Kemal KILIÇDAROĞLU- Sayın Başbakan geçen Salı günü grupta zaten bir savaş ilan etmediği kaldı. Biz daha sakin, daha dikkatli bir üslup kullanarak şunu söyledik. Sayın Başbakanın söylediklerinin tümünü not ettik. AKP milletvekillerinin ve bakanların söylediklerini de not ettik. Eğer söylediklerini yapmazlarsa, yani söylediklerinin arkasında durmazlarsa halka şikayet edeceğiz.
Murat AKGÜN- Anlaşmaların feshi dahil olmak üzere öyle mi?
Kemal KILIÇDAROĞLU- Neyi söyledilerse gereğini yapacaklar. Kaldı ki, parlamentonun iradesi de çıktı bu süreç içinde. Ekonomik, kültürel ve askeri anlaşmalarında gözden geçirilmesini istiyor. Kim? TBMM istiyor. AKP kurmayları önce bu parlamentodan çıkacak olan bildiriyi pek imzalamak istemediler ama kamuoyuna yapılan açıklamalar ve baskılar nedeniyle imzalamak zorunda kaldılar. Şimdi biz bunların hepsini isteyeceğiz. Şunu söyledik biz. Bu süreçte Türkiye’nin onuru kırılmıştır, bunun onarılması gerekir. Bekliyoruz. Hamasetle dış politika yürütülmez. Dış politika akılla ve mantıkla yürütülür. Dış politika güçlü bir satranç ustalığıyla yönetiliyor. Hamleyi önceden göreceksiniz. Üstelik birkaç ay öncesinden göreceksiniz. Önlemi ona göre alacaksınız.

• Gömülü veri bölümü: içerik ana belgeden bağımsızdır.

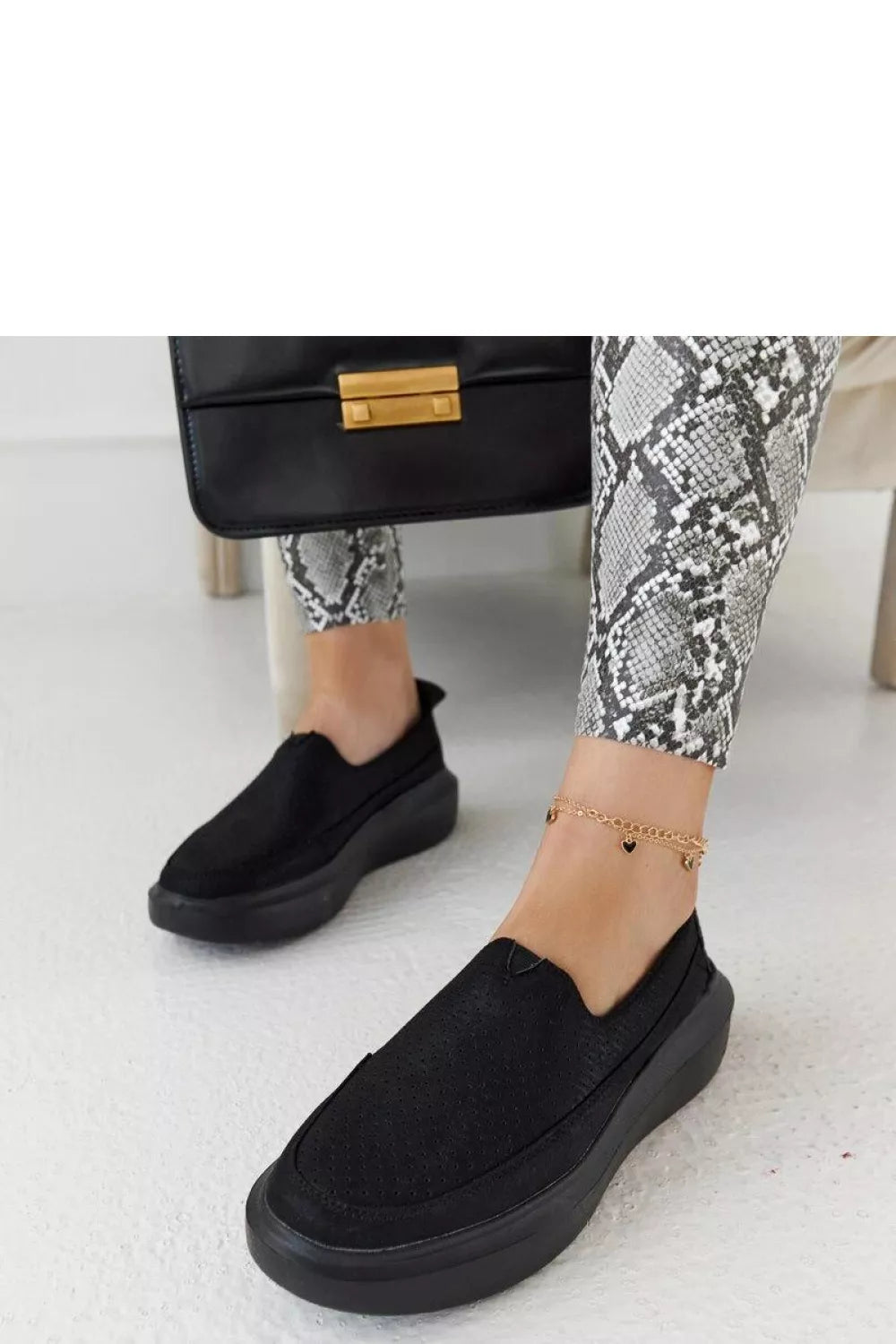 Pusbačiai, modelis 206474 Solea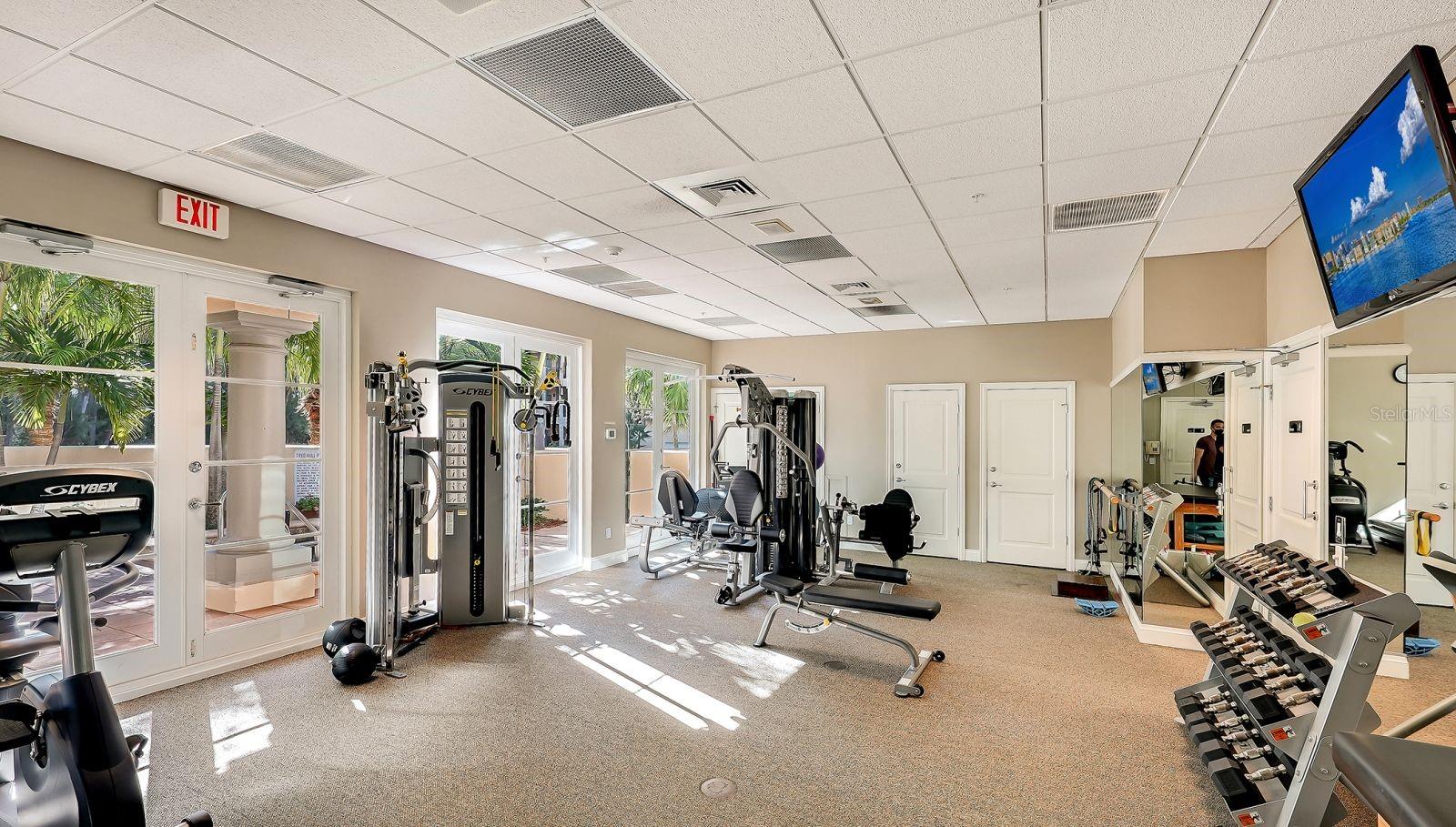 VIZCAYA AT LONGBOAT KEY PH 01 - Residential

Murat AKGÜN- Hükümet gördü mü?
Kemal KILIÇDAROĞLU- Hükümet görmedi. Hükümet biliyor. Mavi Marmara’ya insanları doldurup gönderiyorsunuz. Ben şunu da isterim. Türkiye Cumhuriyetinin Dışişleri Bakanlığı İsrail’e yapılan yazışmaları lütfen kamuoyuna açıklasın. Gizli kalmasın bu süreçte. Halk doğruları bilsin, doğruları öğrensin. İsrail uyardı mı, uyarmadı mı? Müdahale yapacağım dedi mi, demedi mi? Bu süreçte Amerika’yla da görüşmeler yapıldı ve Amerika aracı oldu. İpler karşılıklı atılmış vaziyette. Nedir bu olayın ayrıntıları biz öğrenmek zorundayız. Yine şunu söyledik. Ölen Türkiye Cumhuriyeti yurttaşlarının kanı yerde kalmamalıdır. Eğer AKP hükümeti esip gürleyip sonra bu yelkenleri indirirse biz gideceğiz halka şikayet edeceğiz. Bunu da söyledik. Çünkü biz dış politikanın böyle götürülmesi kanısında değiliz. Daha sağlıklı, daha sağduyulu, önlemleri siz biliyorsunuz. Bildiğiniz halde AKP milletvekillerini bindirmiyorsunuz o gemiye. Ama çocukları bindiriyorsunuz. Sonrada kalkıp çıkıyorsunuz kürsülerde, meydanlarda Furkan’ın kafasına 4 kurşun çıkılmıştı diyorsunuz. Sorumlusu kim? Önlem almayan kim? Devlet adamlığı nedir? Devlet adamlığı riski önceden görüp önlem alan kişi demektir. Devlet adamlığı riskin üzerine bile bile insanları ölüme göndermek değildir. Bu dış politikanın iç politikaya alet edilmesi ve gündemin değiştirilmesi demektir. AKP insanların ölümü üzerine gündem değiştirmek kararlılığını göstermiştir. Acıdır ama gerçek budur.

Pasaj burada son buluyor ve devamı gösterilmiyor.